Over 350,000 people in the U.S. experience out-of-hospital cardiac arrest each year. Cardiac arrest is the sudden, unexpected loss of heart function, breathing and consciousness. Bystander CPR increases the likelihood of survival, but only 2.4 percent of the U.S. population is trained in CPR each year.
High school students were identified as a prime population for CPR education as over 16 million students are enrolled in secondary education in the U.S. According to the IOM, schools provide a central setting that all students have access, representing a large audience for CPR training.
"Prior CPR training is the single most powerful factor contributing to a person performing bystander CPR in an emergency," said Lorrel E. Brown, MD, associate director of the Cardiovascular Medicine Fellowship Program at the University of Louisville School of Medicine and lead author. "By requiring high school students to receive training before graduation, we are creating a group of potential lifesavers each year."
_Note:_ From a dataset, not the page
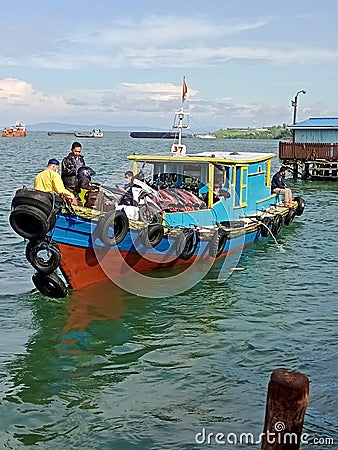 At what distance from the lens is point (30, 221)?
11469mm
Researchers identified 32 states with CPR laws using the American Heart Association's "CPR in Schools" website in June 2016. Maine was unintentionally omitted due to misidentification on the website. The superintendents in each of these states were sent an email communication by the researchers containing a survey link. Follow-up emails were sent at 1 and 3 months; researchers also attempted to identify district-level superintendents and individual school principals. The survey included 12 questions on demographics and the current status of CPR instruction in the school.
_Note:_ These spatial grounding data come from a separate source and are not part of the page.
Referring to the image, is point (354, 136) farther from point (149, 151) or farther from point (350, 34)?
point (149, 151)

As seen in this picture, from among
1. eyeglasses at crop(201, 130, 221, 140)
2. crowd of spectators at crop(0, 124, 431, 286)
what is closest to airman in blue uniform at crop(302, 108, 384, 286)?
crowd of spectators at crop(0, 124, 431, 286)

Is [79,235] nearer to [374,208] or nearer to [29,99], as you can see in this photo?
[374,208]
In total, 424 of 25,694 eligible high schools in 32 states completed the survey. Of the participating schools, 96 percent were public schools and 3 percent were private schools. All surveyed schools are in states that require CPR training in high school by law; however, only 77 percent of respondents indicated they provide CPR training at their school. Several of the surveyed states had passed laws within the last year and schools in these states commented they are creating programs in response to the new laws.
About 97 percent of responding schools provide CPR training during school hours. CPR training most commonly took place in health class for 9th and 10th grade students. Most schools indicated using a CPR-certified teacher/coach or other CPR-certified instructor; however, 11 percent reported using a non-certified teacher/coach. Ninety-six percent of schools use hands-on CPR practice as part of their training. Automated external defibrillator (AED) training occurs in 63 percent of schools. However, even in states where multiple schools responded, variation occurred in responses.
In September 2017 researchers found an additional seven states had passed CPR legislation since the time of the survey. The respective legislation in all 39 states was categorized on the following:
- Class specified for CPR training
- Instructor certification to teach CPR required
- AED instruction
- CPR training program recommended/required
- Hands-on practice required
- State funding availability
Upon examination of the 39 states with legislation, researchers found the following:
- One does not require hands-on training
- 89 percent require a “nationally recognized” method
- 8 percent do not specify a training method
- One state requires full CPR certification
- 77 percent require AED training
- 8 percent of states require the instructor be certified to teach CPR
- 75 percent specify CPR training take place during a specific class, typically health class
"I believe that implementation of CPR training in U.S. high schools should be strongly considered, and these types of mandates should begin to be instituted by the state government," said Valentin Fuster, MD, PhD, MACC, editor-in-chief of the Journal of the American College of Cardiology. "This approach could save thousands of lives."
"Bystander CPR has increased in Norway, Denmark and Minnesota following the institution of school CPR training—essentially, CPR training is most effective when it is taken as a societal responsibility to the community, rather than only under the purview of medical professionals," Brown said. "Nearly 700,000 high school students live in states without CPR training legislation, representing a missed opportunity to equip our population with this vital skill."
According to the researchers, "we have yet to establish a standard for CPR instruction that is effective, efficient, financially feasible, and leads to increased nationwide rates of bystander CPR and survival following OHCA."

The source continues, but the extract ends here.